# 2013 DK45SE External (Rear) Hydraulics



## Steve Prather (Aug 18, 2018)

Good afternoon tractor "posse" - I need your help. I am hoping it is something that I'll be embarrassed to find out it was so simple and I am just showing I still have so much to learn - here goes:
I have a 2013 DK45SE. I have had it for 3 years and never used the rear hydraulics. I bought a chipper with hydraulic feeder and got it together and connected. But the feeder is not working. The hydraulic connections have been plugged the entire time so they are clean and in good shape. I unplugged and re-plugged them several times and swapped the hoses (top and bottom) but no flow. The receivers on the tractor and the nipples on the hoses are bone dry and the hose nipples are not under any pressure so that tells me the fluid is not moving from the tractor to the implement.
I am hoping you folks tell me there is a switch I have to flip or some simple first use priming I need to do vs the other extreme of the system failing.

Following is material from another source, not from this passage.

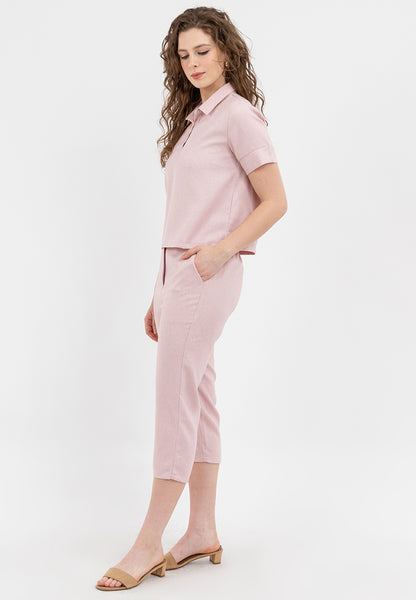 Krizia Collared Top Blouse and Pants 2 Piece Set Terno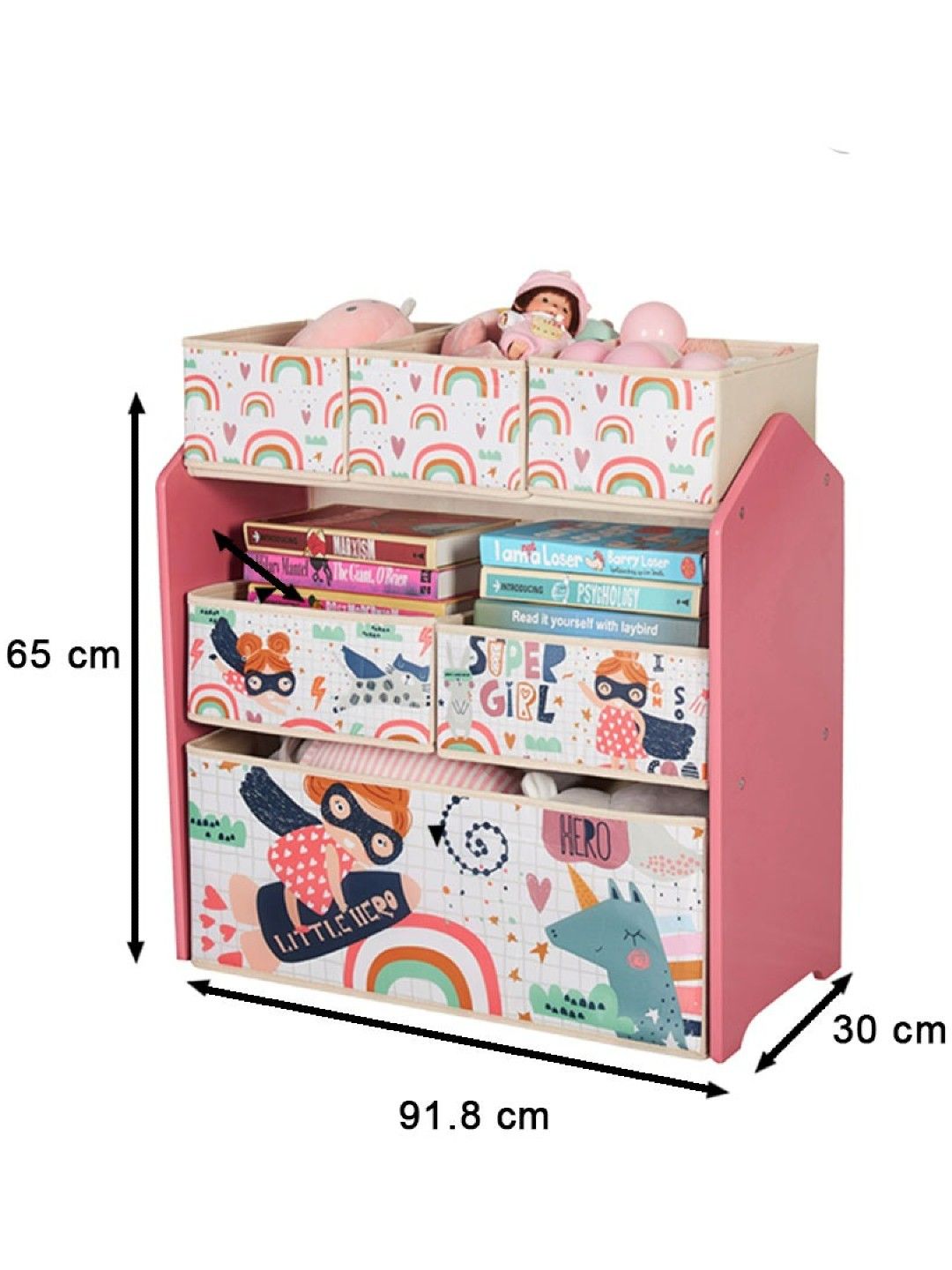 Harper & Chase Toy Organizer Shelf with Bins (Super Girl Design) (No Color- Image 2)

Please help !! in case it is needed - the chipper is the BESTCO BX42R
Thanks, Steve


----------



## DK35vince (Jan 22, 2006)

There should be a small lever on the right side of the seat.
Somewhere near your 3 point lift lever (Position control lever) that controls your rear remotes


----------



## marc_hanna (Apr 10, 2017)

DK35vince said:


> There should be a small lever on the right side of the seat.
> Somewhere near your 3 point lift lever (Position control lever) that controls your rear remotes


+1
You may need to try it in both positions depending on how you chipper hydraulics are configured.


----------



## Steve Prather (Aug 18, 2018)

Steve Prather said:


> Good afternoon tractor "posse" - I need your help. I am hoping it is something that I'll be embarrassed to find out it was so simple and I am just showing I still have so much to learn - here goes:
> I have a 2013 DK45SE. I have had it for 3 years and never used the rear hydraulics. I bought a chipper with hydraulic feeder and got it together and connected. But the feeder is not working. The hydraulic connections have been plugged the entire time so they are clean and in good shape. I unplugged and re-plugged them several times and swapped the hoses (top and bottom) but no flow. The receivers on the tractor and the nipples on the hoses are bone dry and the hose nipples are not under any pressure so that tells me the fluid is not moving from the tractor to the implement.
> I am hoping you folks tell me there is a switch I have to flip or some simple first use priming I need to do vs the other extreme of the system failing.
> 
> ...





DK35vince said:


> There should be a small lever on the right side of the seat.
> Somewhere near your 3 point lift lever (Position control lever) that controls your rear remotes



OKAY - first, thank you very much !!! Second of course - I am such an idiot - it is right there in front of me - even has a note that says don't use to climb up on the tractor. Geeezz, I am that guy that could break a hairbrush so feel free to make fun of me as I deserve it.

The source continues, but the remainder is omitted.